(dailynews.com) Echoing his campaign promises, Los Angeles County Sheriff-elect Alex Villanueva said Wednesday that he will move to replace most of the agency’s top command staff on “day one.”

The retired sheriff’s lieutenant who beat incumbent Sheriff Jim McDonnell in a major electoral upset said he plans on ousting the current undersheriff — the agency’s second-in-command — all four assistant sheriffs and about eight division chiefs.

“I said I was going to clean house and I meant it so we’re starting with that,”  Villaneuva told the Southern California News Group in a phone interview.

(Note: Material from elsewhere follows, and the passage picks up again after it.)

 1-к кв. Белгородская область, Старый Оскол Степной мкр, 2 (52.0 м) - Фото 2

Retired Sheriff’s Cmdr. Ray Leyva will replace the current undersheriff. Retired Sheriff’s Cmdr. Robert Olmsted, Industry Sheriff’s Station Capt. Tim Murakami and Sheriff’s Lt. LaJuana Haselrig are slated to become the new assistant sheriffs.

The position of Assistant Sheriff, Chief Financial and Administrative Officer, which was created by McDonnell, will not be filled since it’s “another level of bureaucracy” that is not needed, he said. The agency will revert to having only three assistant sheriffs, he said.

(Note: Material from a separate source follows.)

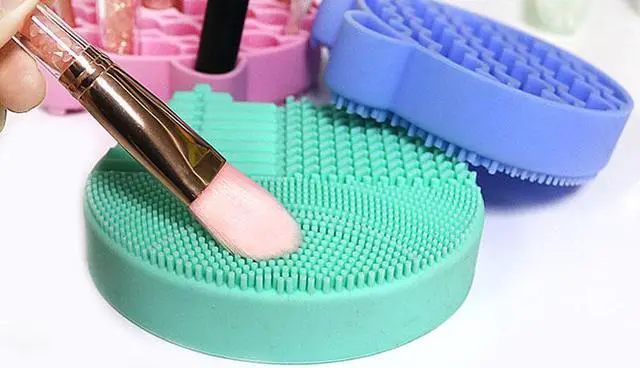 Alt view image 5 of 7 - Cute Bear Shape Silicone Washing Makeup Brush Cleaner and Holder Stand Tool Beauty Cosmetic Tool Purple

“The expertise we need to reform the department is leadership, ethical decision-making and service to the community,” Villanueva said. “That’s a skill set these people do not possess.”

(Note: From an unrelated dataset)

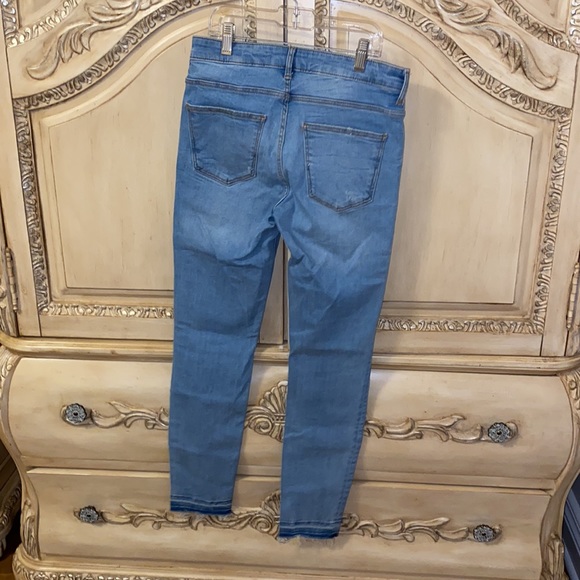 Zara Skinny Jeans - Picture 3 of 4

In addition, two constitutional policing advisors — positions created by McDonnell — will no longer advise the sheriff and their posts will be transferred elsewhere in the county, Villanueva said. Their tasks included providing the sheriff with independent advice and counsel based on relevant law, facts, data and information to enhance internal accountability while ensuring the department complied with constitutional policing.

That announcement has drawn concern from some civil rights advocates, who say these advisors are key in helping to usher in reforms.

But Villanueva said there still will be people who will provide that advice in some capacity, and suggested it could occur through the agency’s soon-to-be-created “truth and reconciliation process.” That will involve a committee that will review “wrongful convictions and wrongful terminations” of deputies.

Danny Leserman, a spokesman for Villanueva, said these roughly 15 people being ousted from the top is just the beginning.

“There’s going to be more,” he said.

Villanueva said he also plans on ousting a couple of non-sworn “political appointments,” including a strategic communications director.

Carol Lin, who is losing that post, said Wednesday that she will soon be working with Sachi A. Hamai, the county’s chief executive, “in a role yet to be defined.”

Patti Giggans, chair of the Sheriff’s Civilian Oversight Commission, said it’s the incoming sheriff’s prerogative to put the people he wants in place.

But she hoped they will recognize the progress the department has made with the commission toward helping the families of those killed by deputies and the expansion of mental health evaluation teams.

“I’m hoping there’s some kind of transition so that new people understand the work of the (commission), our oversight role and honor all the recommendations we have made,” she said.